Ende Jänner verschärfte sich die Situation auf diplomatischer Ebene erstmals, als Paris die italienische Botschafterin ins Außenministerium zitierte. Di Maio hatte zuvor Frankreich vorgeworfen, die Kolonialisierung in Afrika nie beendet zu haben und rief die EU zur Verhängung von Sanktionen gegen Frankreich und andere Länder, die Afrika seiner Ansicht nach „verarmen“, auf.

Bannon sieht Macron als „Hampelmann“

Der frühere Chefstratege von US-Präsident Donald Trump, Steve Bannon, griff unterdessen Macron direkt an.
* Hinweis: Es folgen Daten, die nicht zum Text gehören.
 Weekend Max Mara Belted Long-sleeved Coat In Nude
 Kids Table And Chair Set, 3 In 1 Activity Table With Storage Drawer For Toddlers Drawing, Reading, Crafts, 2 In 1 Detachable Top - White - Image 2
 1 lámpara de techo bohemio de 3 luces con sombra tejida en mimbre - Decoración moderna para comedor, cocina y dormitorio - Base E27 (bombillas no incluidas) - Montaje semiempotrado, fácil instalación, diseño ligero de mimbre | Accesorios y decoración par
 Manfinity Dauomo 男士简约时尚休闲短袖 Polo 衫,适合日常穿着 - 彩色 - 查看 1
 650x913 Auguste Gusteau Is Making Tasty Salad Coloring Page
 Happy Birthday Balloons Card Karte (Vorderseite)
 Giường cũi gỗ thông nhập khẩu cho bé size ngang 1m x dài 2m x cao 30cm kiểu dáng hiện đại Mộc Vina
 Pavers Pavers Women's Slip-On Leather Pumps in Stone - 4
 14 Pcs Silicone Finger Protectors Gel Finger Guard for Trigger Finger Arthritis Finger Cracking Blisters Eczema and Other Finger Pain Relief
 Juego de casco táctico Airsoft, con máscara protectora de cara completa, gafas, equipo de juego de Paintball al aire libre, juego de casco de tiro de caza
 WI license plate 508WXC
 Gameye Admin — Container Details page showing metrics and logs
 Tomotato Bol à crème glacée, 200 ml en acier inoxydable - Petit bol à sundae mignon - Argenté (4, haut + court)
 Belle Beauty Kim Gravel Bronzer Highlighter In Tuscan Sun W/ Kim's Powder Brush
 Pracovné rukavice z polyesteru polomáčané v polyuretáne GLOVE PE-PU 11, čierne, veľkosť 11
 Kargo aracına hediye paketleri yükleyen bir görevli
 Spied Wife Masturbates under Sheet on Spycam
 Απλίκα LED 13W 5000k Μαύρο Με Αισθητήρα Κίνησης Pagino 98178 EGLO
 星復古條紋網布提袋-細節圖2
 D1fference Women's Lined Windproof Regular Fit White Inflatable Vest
Bannon sagte der französischen Zeitschrift „L’Express“, der Präsident sei ein „Hampelmann“. Die „Gelbwesten“ nannte er dagegen „eine Inspiration für die ganze Welt“. Sie kämpften im Land der Französischen Revolution „die Mutter aller Schlachten“.

Macron erinnere ihn dagegen an den früheren US-Präsidenten Barack Obama, sagte Bannon weiter. „Unter seinem Anzug ist nichts.“ Der Ultranationalist Bannon unterstützt sowohl die Regierung in Rom als auch die französischen Rechtspopulisten unter Marine Le Pen, die bei der Europawahl gegen Macron antreten.